Ireland begin their quest to qualify for a second consecutive Olympic Games in France on Saturday morning.

THE TOKYO OLYMPICS remain over 400 days away, but after months of training camps and hard graft, the Ireland men’s hockey team embark on the road to the 2020 Games away from the spotlight in a small seaside French town tomorrow.

While the women’s national team bid to move within two games of the Olympics at Banbridge on Saturday, Alexander Cox’s Green Machine will begin the campaign to reach a second consecutive Games against Scotland [10.15am] in Le Touquet.

Shane O'Donoghue celebrates his goal with Michael Darling Shane O'Donoghue and Ireland get their FIH Series Finals campaign underway on Saturday. Source: Inpho

Ireland head into the FIH Series Finals tournament as top seeds and, off the back of their qualification for Rio and last year’s World Cup in India, will be strongly tipped to finish in the top two and advance through to a two-legged playoff tie later this year.

But, just as they encountered four years ago during their rollercoaster ride to Rio, the road to Olympic qualification is never straightforward and the team, now under the guidance of Dutchman Cox, are desperate to replicate the feat in this cycle.

Naturally, there have been changes in personnel and the change in head coach means Ireland come into this tournament promising to play a slightly different brand of hockey, with Cox making a number of big selection calls.

The likes of Alan Sothern and Kirk Shimmins, both veterans of the squad and 2016 Olympians, have been left at home and following encouraging warm-up outings against USA and France last month, Saturday marks the end of a seven-month process and the start of the serious business.

“We’ve been implementing some small changes on how we play on and off the ball and I think it’s really starting to show in our performances and in general, things are moving in the right direction,” Shane O’Donoghue tells The42.
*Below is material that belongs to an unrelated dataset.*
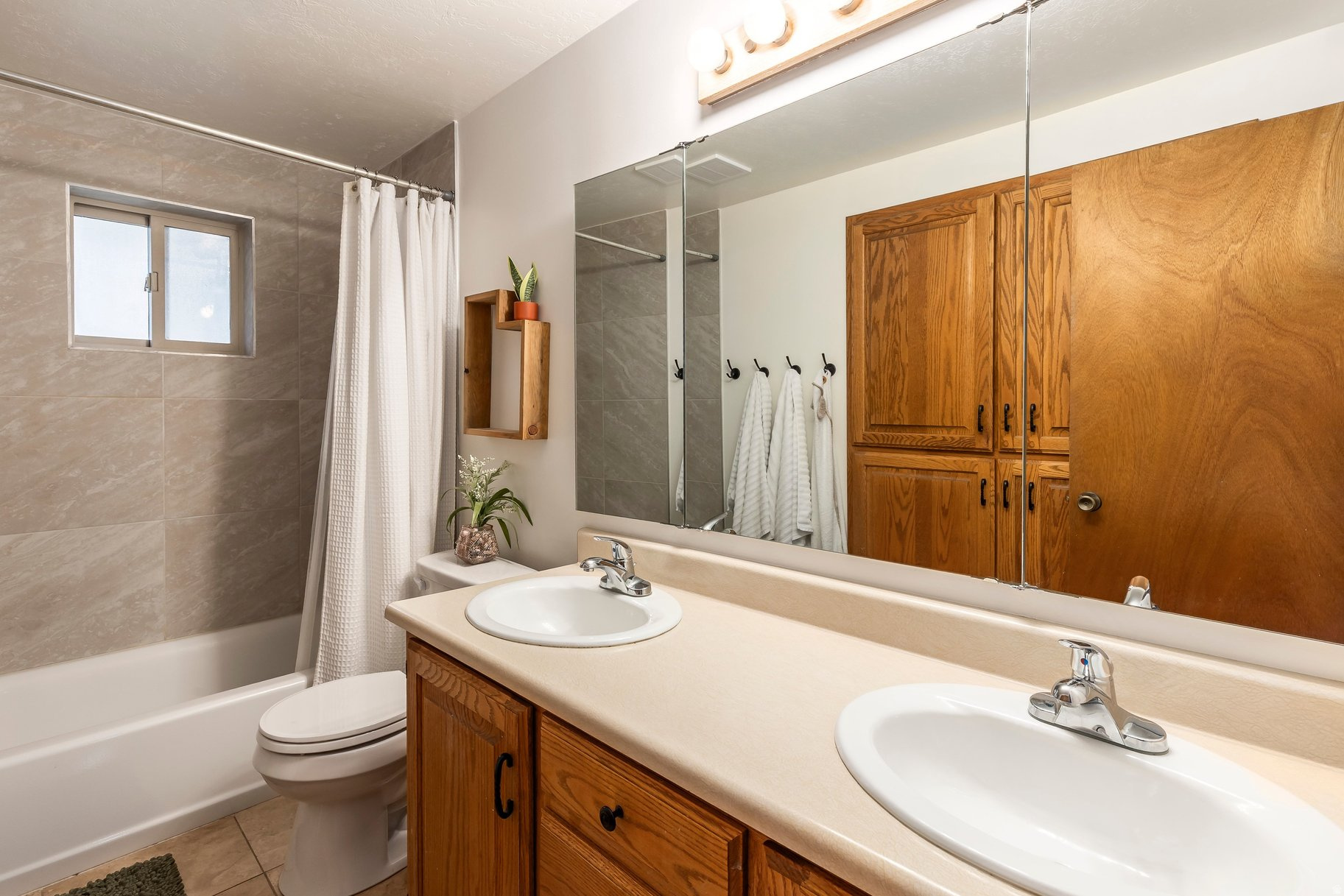 IMPERIAL HEIGHTS - Residential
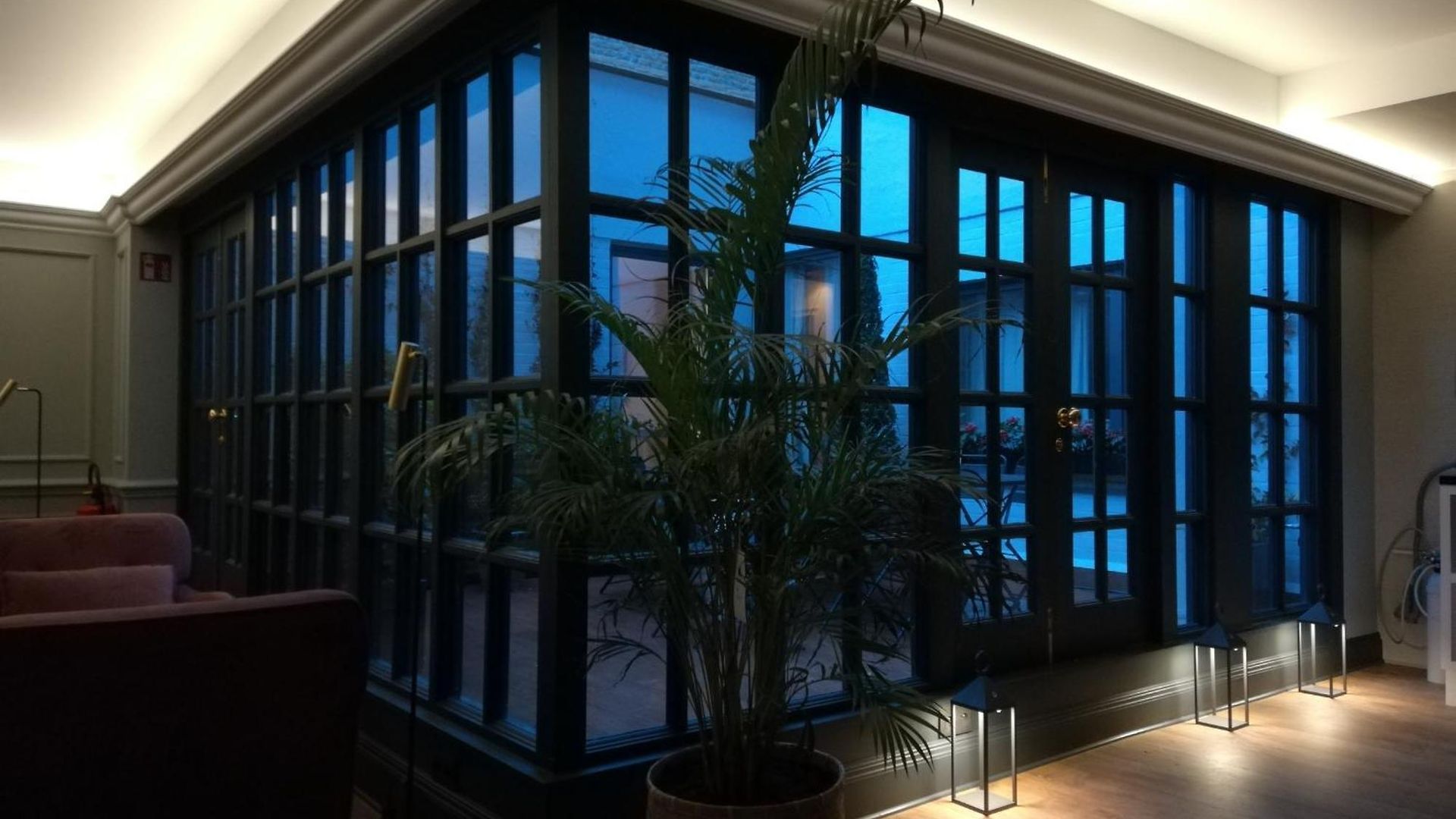 Hotel Avenue Louise Trademark Collection By Wyndham 4*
“There’s a nice blend of youth and experience. It will be about using the experience of Rio and remembering the journey it took to get there. It wasn’t straightforward and, at times, we clung on. We need to take the good moments from that and the moments that really stood to us and got us over the line. It’s going to require the exact same over here.”

The disappointment of last year’s World Cup campaign still lingers for the squad after they failed to get out of their pool in India, but that experience has focused minds ahead of a big summer.

Ireland get their Pool A campaign underway against 23rd-ranked Scotland tomorrow, before facing Egypt and Singapore on Sunday and Tuesday respectively, with the top team bypassing the quarter-final stage. 

Just as it is for the Ireland women, a top-two finish in this tournament will assure Cox’s side of a place in an Olympic qualifier in Autumn, and O’Donoghue — Ireland’s leading goalscorer — understands the importance of qualification for the team and, in a wider context, the sport on this island. 

“It’s absolutely massive, especially with a minority sport like hockey,” the midfielder continues.

gettyimages-587142138-594x594 The midfielder is desperate to reach a second Olympics. Source: Getty Images

“We’re obviously extremely grateful for the resources and the financial funding we do have, but it is a battle. It’s a hurdle we’re constantly trying to get over, so considering all that and it being a minority sport, consistently qualifying for every Olympic Games and World Cup from here on out is vitally important for the longevity and, more importantly, the survival of hockey in Ireland.

“It’s in a relatively good place but it is vitally important we do qualify Tokyo and it would be great to see both the men and the women’s team qualify because it acts as an inspiration to the younger generations.

That’s the hidden goal and drive for all of us here, to prove it is possible no matter what the odds are against you. We showed that in Rio and now we’ve to show it again for Tokyo.

The evolution of Ireland’s tactical game, coupled with the introduction of a number of younger players including Ben Walker, will be fascinating to watch over the course of this tournament, but with so much at stake, there is also the need for a win-at-all-costs mentality.

With six players from Rio — including O’Donoghue and captain David Harte — still involved, Ireland will look to use that experience to negotiate their way through the various hurdles, starting with the Scots. 

“It’s trying to think back to what worked well for us in getting to Rio and trying to replicate that with a new group of players,” O’Donoghue adds.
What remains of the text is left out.